Should You Stay or Go?

 
If a flood threatens your safety, you may have to decide whether or not to leave your home. Listen to a local television or radio station for information and instructions.

If you decide to stay: BE PREPARED to move to a higher level within your home.

NEVER use outdoor propane appliances indoors or in enclosed areas. This can result in CO poisoning or death. These include outdoor portable heaters, barbecue grills, and portable generators.

NEVER use a gas oven or range-top burners to provide space heating.

NEVER store or place a propane cylinder indoors or in an enclosed area such as a basement, garage, shed, or tent.
 

Turn Off the Gas

 
If a flood threatens your safety, turn off the gas.

1. Turn off the main gas supply valve on your propane tank, if it is safe to do so. To close the valve, turn it to the right (clockwise).

2. Turn off the gas supply valves located near individual indoor appliances. Consult your propane retailer to make sure you know where the actual valves are located and how to shut them off.
 

After the Flood is Over

 
Use caution when returning to your home or farm:

  • Check for downed trees or power lines that can create safety hazards. Report any problems immediately.
  • DO NOT enter any buidings on your property unless it is safe to do so. If it is dark, use flashlights, not candles.
  • NEVER turn on a light switch, use any power source, or inspect your household appliances while standing in water. This can result in electrocution.


Floods can move, shift, or damage gas lines, tanks, and equipment.

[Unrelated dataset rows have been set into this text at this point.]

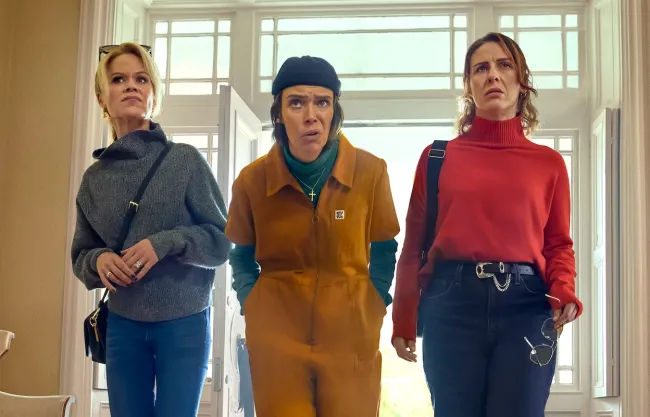 'How to Get to Heaven from Belfast' Review: A 'Derry Girls' Mystery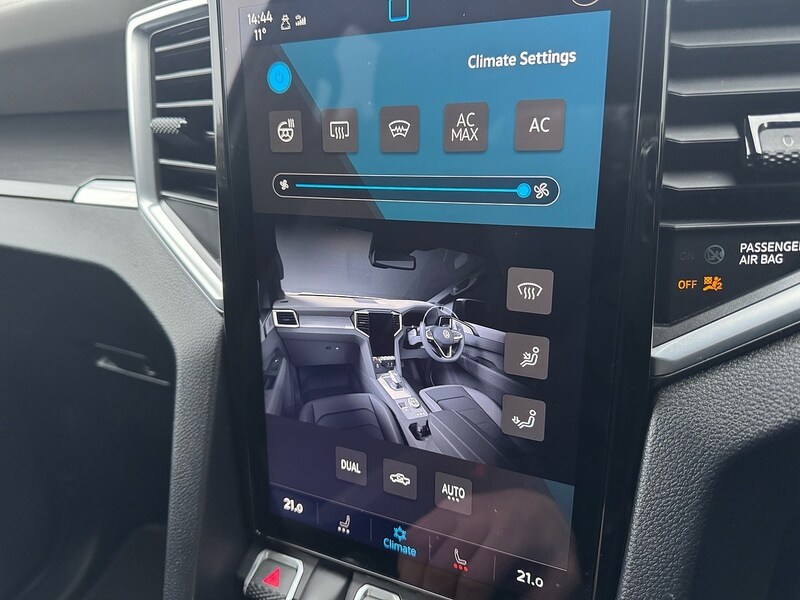 Used Volkswagen Amarok 2024 for sale - 76547383: Photo 33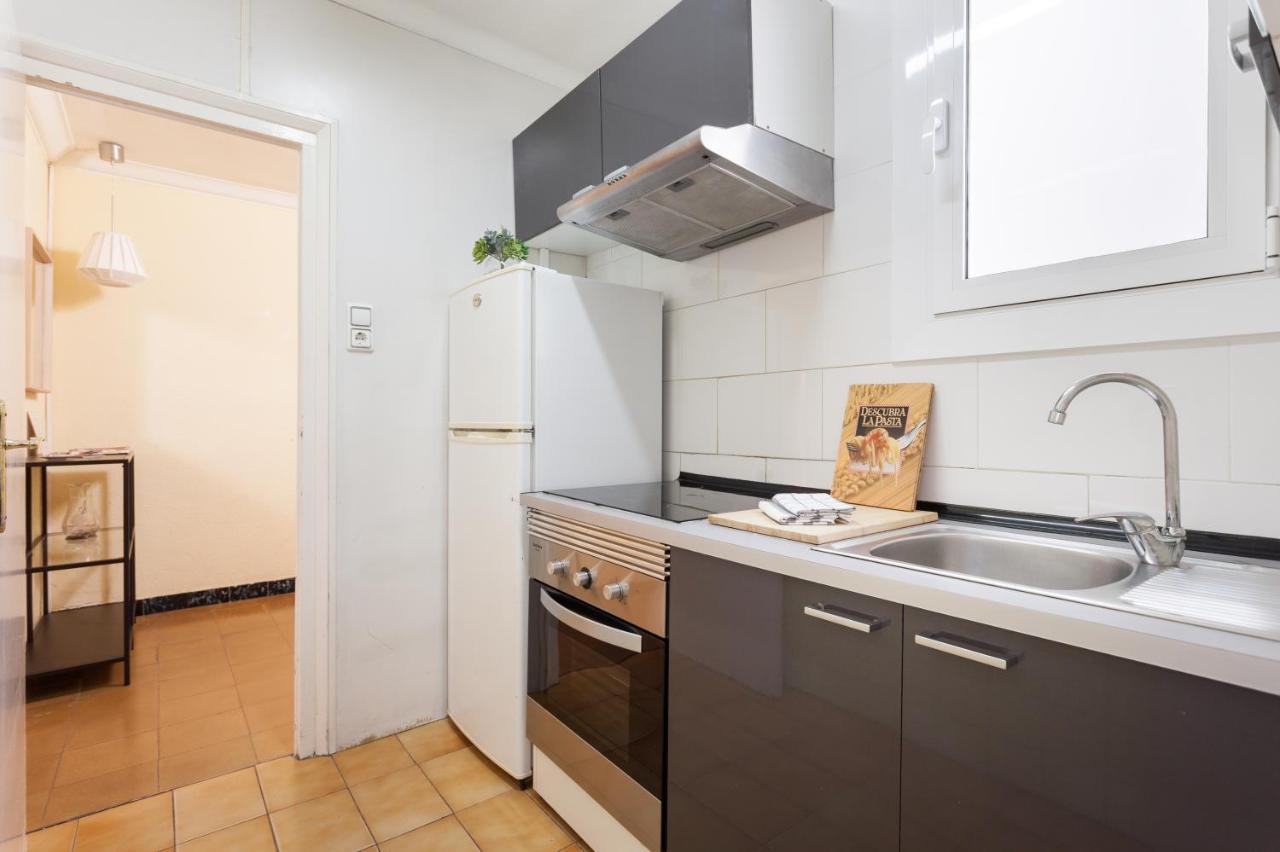 شقة Apartamento Con Encanto, Luminoso Y Tranquilo لوسبيتاليت دي يوبريغات المظهر الخارجي الصورة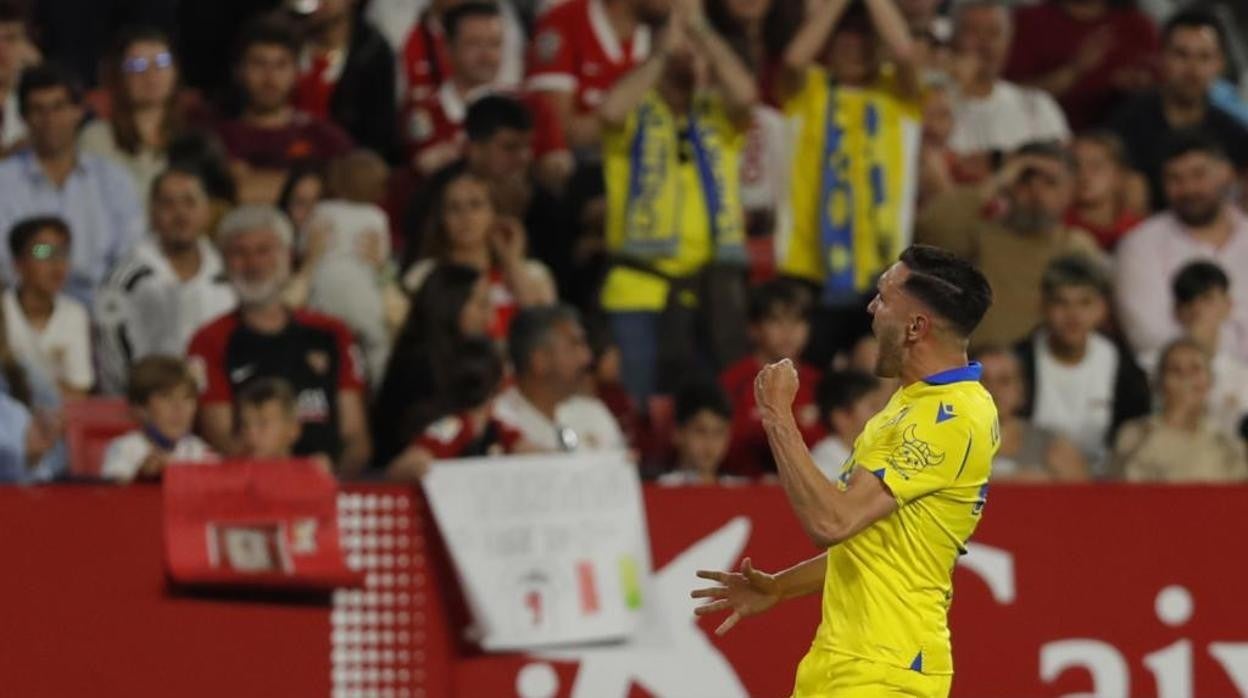 Lucas Pérez celebra su gol en el Pizjuán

  • Check your propane tank, appliances, chimneys, flue pipes, and vent connectors. If you see any damage or blockages, call your propane company.
  • If you suspect any of your propane appliances, equipment or vehicles have been under water or damaged, or you have turned off your gas supply, DO NOT use until a service technician indicates it is safe.
  • DO NOT UNDER ANY CIRCUMSTANCES TRY TO MODIFY OR PREPAIR VALVES, REGULATORS, OR OTHER APPLIANCE PARTS.
  • If you find a propane tank on your property that is not yours – or if your propane tank is dislodged or missing – call your propane company or fire department immediately.